Statically checked tensor shapes

vsiles commented 4 years ago

🚀 Feature

(Long term request, mostly to gather feedback on our current experiment) We would like to extend the Tensor class with the description of its dimensions shape and values, to enable static checking of tensor operations w.r.t. to shapes (e.g. detecting an illegal call to Tensor.mm statically rather than with a runtime exception). The new syntax would look like Tensor[int32, dim0, dim1, dim2]

Motivation

At the moment, PyTorch is more or less untyped: everything is a Tensor and there is no information whatsoever on the dimensions of these tensors. By being more descriptive, we could statically check (aka at compile time, rather than at runtime) that tensor operations are executed on arguments with the right shape. For example, we could catch this kind of errors during type checking that:

T0 : Tensor[int32, D3, D4] = ...
T1 : Tensor[int32, D5,  D5] = ...
T2 = Tensor.mm(T0, T1) # mismatch: D4 != D5

This could save lots of computer time (less runtime errors) along with debugging time.

Pitch

Recently Pyre added an experimental support for variadic type variable which allows to describe the shape of tensors. It allowed me to write some initial stubs for PyTorch where the tensor type has a documented shape.
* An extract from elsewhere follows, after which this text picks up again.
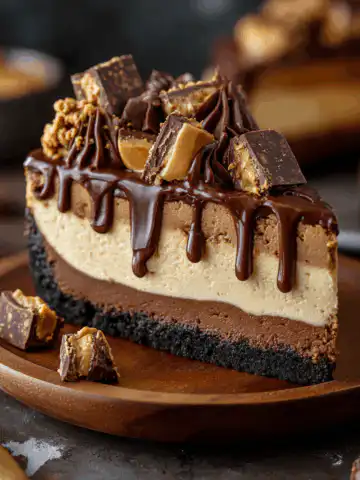 Chocolate Peanut Butter Candy Cheesecake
This shape can be check statically by Pyre to prevent most mis-usage of PyTorch operators.

As an example, I took this script and translated it into this typed version. The main stubs are located here.

We already got some very positive feedback for the Python types community last Friday during Facebook MPK's Python meetup. So now I'm asking the PyTorch community :D

Known limitations: this is an early draft of the project, so we can't type everything at the moment. For example we only support simple broadcasting (like Tensor.__add__ when the rhs is scalar. Nothing for Tensor.matmul yet). Also there are some functions that just can't be statically check (like Tensor.cat) and which require manual annotation.

Alternatives

Current known alternative are all runtime check (like the Named Tensor proposal) which address the same problem, but still at runtime, which could be less efficient when programs run for several hours/days.

Additional context

I don't expect PyTorch to migrate to this solution right now, I'm gathering feedback on the experiment to see where to go next. Our next stop is to support broadcasting, and I would gladly have some direction on which killer feature we should try to support next.

soumith commented 4 years ago

cc: @apaszke @malmaud @t-vi @zdevito as possible folks of interest

gchanan commented 4 years ago

What's the limitation with torch.cat? Is it because you don't have type(s) for "Tuple of Tensors of size X, Y, Z"?

Another example of this problem is torch.nonzero, whose shape depends on the runtime values.

vsiles commented 4 years ago

If I understand correctly, the statement of cat is that all Tensors in the tuple must have the same shape but on one of the dimensions (the one provided as input). So we could type partially using tons of overloads for the input, but the output size seems problematic as it is the sum of the input dimensions.

vsiles commented 4 years ago

@gchanan Now that you mention it, maybe we could do something for cat with the intvar prototype too. I have to check it's current status and I'll get back to you.

jerry73204 commented 4 years ago

May you take a look at my little project tch-typed-tensor. It provides statically checked tensor type backed on tch, a Rust binding for PyTorch.

vsiles commented 4 years ago

@jerry73204 sure I'll have a look ( and maybe a couples questions. I'll aks them over there !)

t-vi commented 4 years ago

Out of curiosity, how would the mechanism be able to handle convolutions? Or, to pick a simpler example, max or sum?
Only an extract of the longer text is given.